We never used to have formal meetings, instead I would appear in his doorway about 6.15pm every night clad in lycra, and we’d debrief about the day. By this time he’d usually have a puzzled look on his face working out how he was going to solve someone’s dilemma. Eventually he’d tell me to get home, knowing I had a 6.45pm curfew.

George used to appear in the same dark suit every day so I asked him why DVC-R’s always only owned one suit? He told me he actually had three suits, but they all looked the same!

His son Alexi told me the other day that he had to keep reminding himself that George wasn’t Jesus, with his mother assuring him that he wasn’t.

Academically George wasn’t perfect either, but he was a perfectionist.

Deep in the recesses of often 60-page Australian Research Council Fellowship applications, a two-page statement has to appear from the Deputy Vice Chancellor. One year George insisted on writing the introduction to these himself, even though I tried to explain to him that I read a ton of these things and nobody ever reads the letter from the DVC.

George refused to listen and carefully crafted each one, fiddling with the wording as the deadline approached. The staff and applicants became increasingly nervous and could only pace nervously while George tinkered with each of the letters to try and give them the most chance of success by pondering every syllable. We were just one IT glitch away from disaster but a few minutes before the deadline they were completed before George rushed off to complete his next task.

Is George looking after George?

But George didn’t always look great. When no-one was around I’d ask him if George was looking after George? Was there anything he could give me to do? He’d explain that it was okay, he’d just got up early to finish something or other and that he was going home on the weekend. Once I told him that I actually get paid to help him and it was okay for him to give me more work.

A few weeks ago I could tell he was finding things stressful. It pained me to see him like that, exhausted by his endless desire to help everyone. I thought that he needed to learn to be more of a bastard, but that just wasn’t him.

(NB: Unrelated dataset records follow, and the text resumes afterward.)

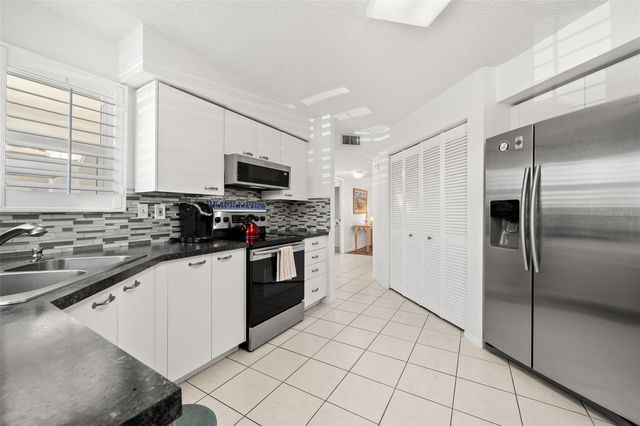 6191 BAHIA DEL MAR S 105, St Petersburg, FL 33715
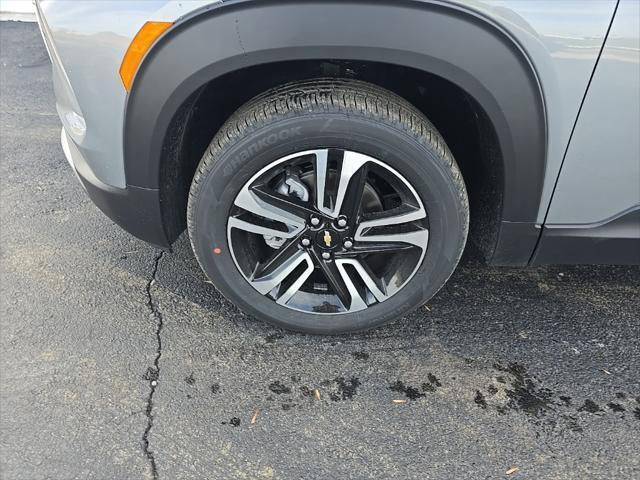 new 2025 Chevrolet TrailBlazer car, priced at $27,376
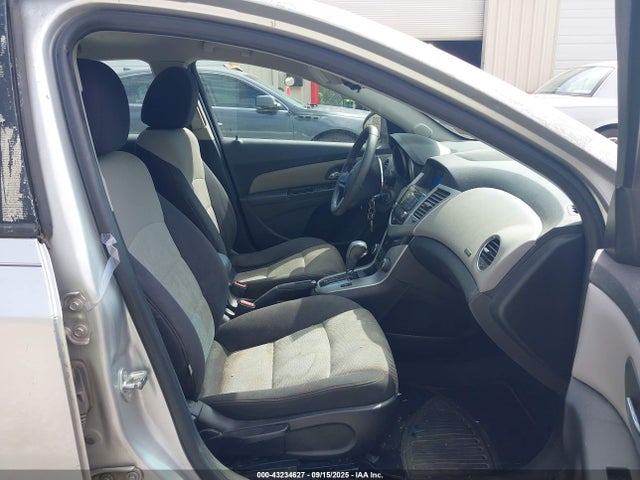 1G1PA5SH3F7235089 Chevrolet luw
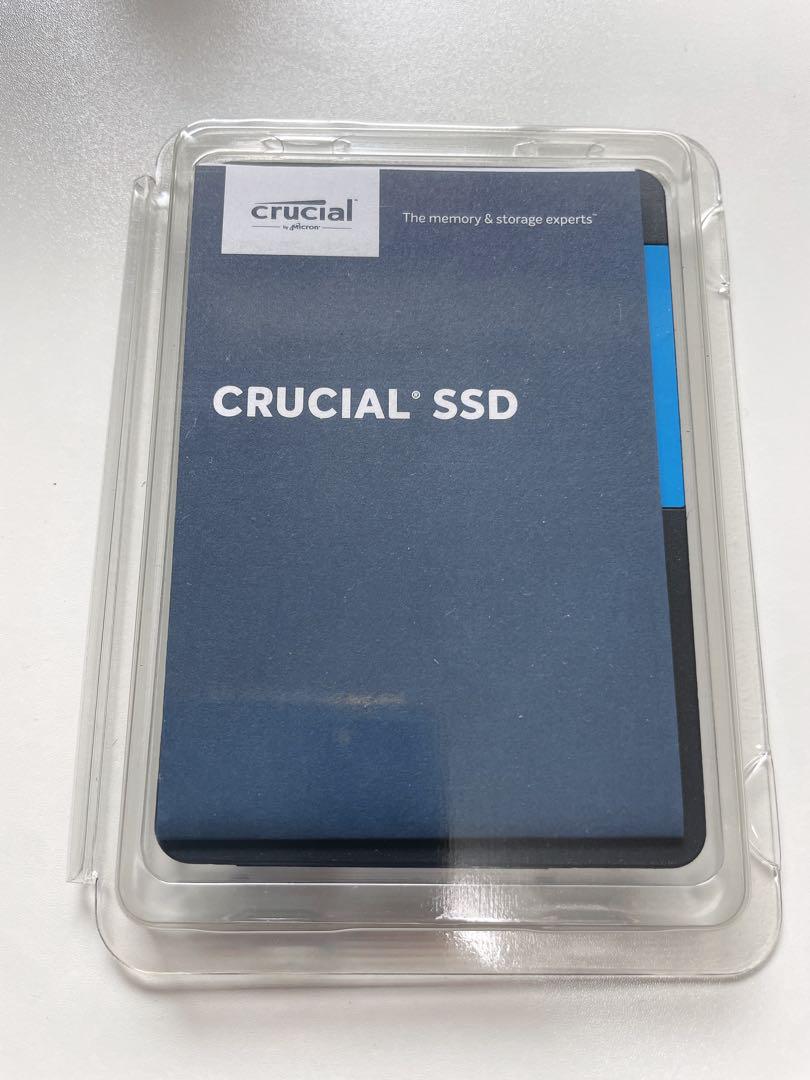 新品未使用品 crusial SSD 240GB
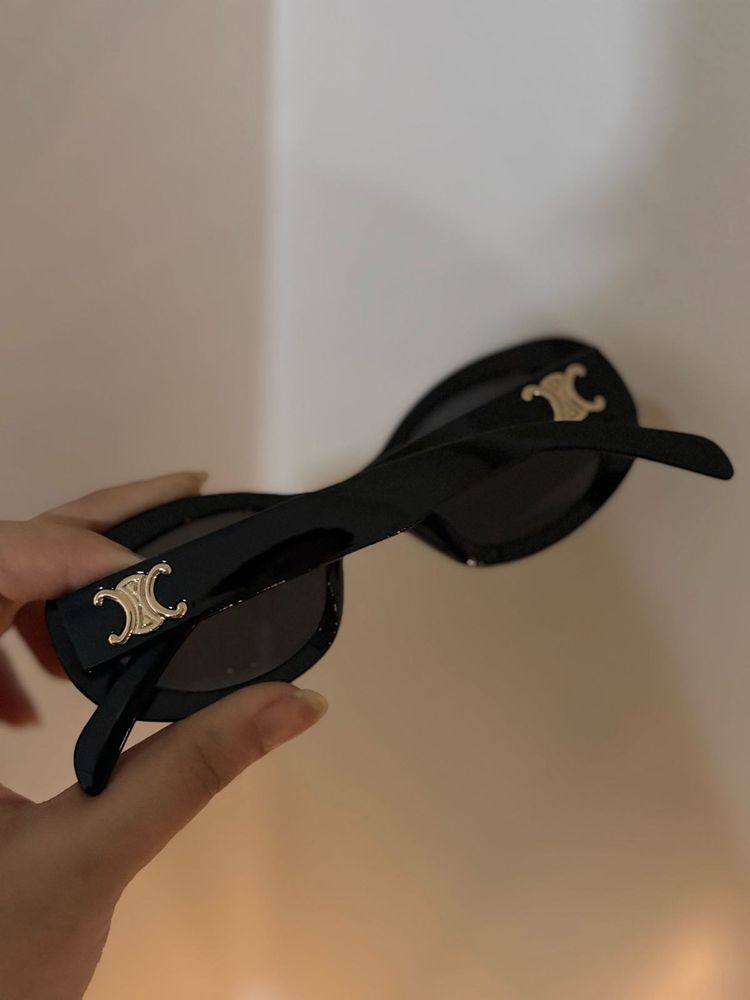 Stylish Black Sunglasses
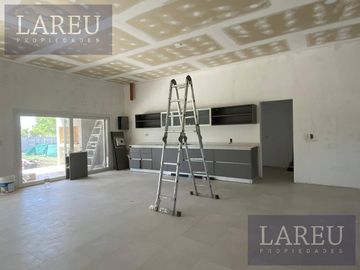 Casa - Casuarinas Del Pilar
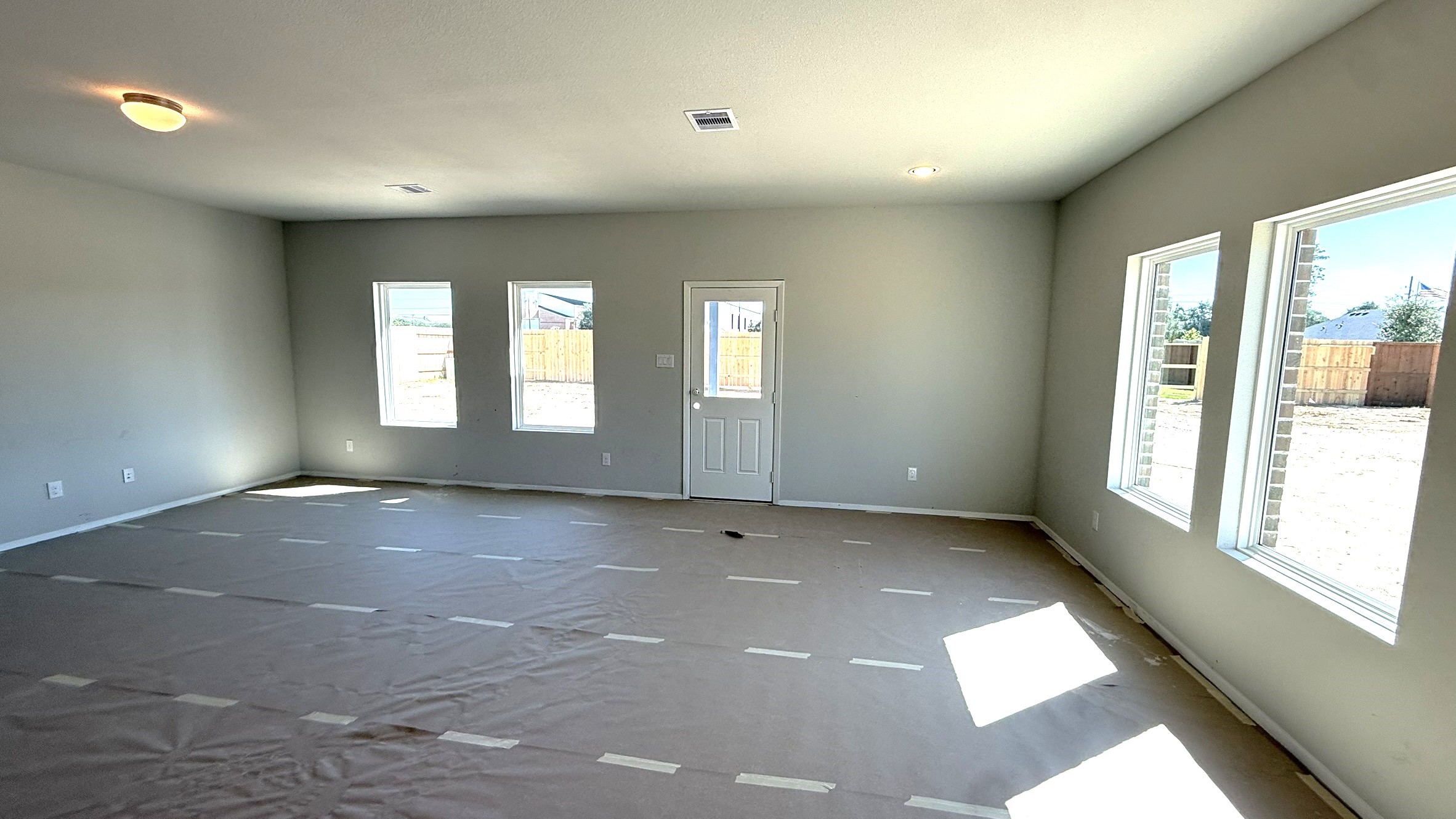 5211 Grace Sunshine Property Photo 9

The first Monday after George passed away the staff arrived to the terrible news of his passing. Everyone was completely shattered. My inbox was flooded with messages. People everywhere were in tears. I soon came to realise that everyone felt as I did, that George was their best friend, and that with his support you were going to be amazingly successful.

In my own life I’ve learnt an endless amount from George in just two years, about humility, service and believing in people. I miss him terribly.

It was wonderful to hear at his memorial service in Sydney that the George I knew was the same George that had worked at ANSTO and the CRC and been a lay preacher at his church, and son, father and husband.

But I’m still struggling with what to take from George’s passing. My greatest regret is that I never told George how much I admired him. Nor did I get to adequately thank him for his trust and support of me, for his friendship or his selfless example. Thank you Evelyn for your support over recent weeks, your kind words have been tremendously helpful.

Somehow, our modern professional lives demand a degree of separation along reporting lines that preclude us from becoming too close to those we most admire and respect in case we’re too scared that our objectivity will be diminished?

“Professionalism” means long hours and sleepless nights. Some of us strive for our own glory whilst others like George demand more of themselves to help others.

If I could engage in one last exchange with George I’d tell him that I told him he was too nice and that he should have taken better care of himself but that he’ll always be my inspiration and I’ll text him when we catch our first burst.

I’m sure George would just say that he hadn’t done anything special, that I should go and do something remarkable, no matter what that was. He was always happiest when helping or encouraging others.

What a legend – no wonder we’ve got a building named “The George” on campus, a place of healing, prayer and relaxation.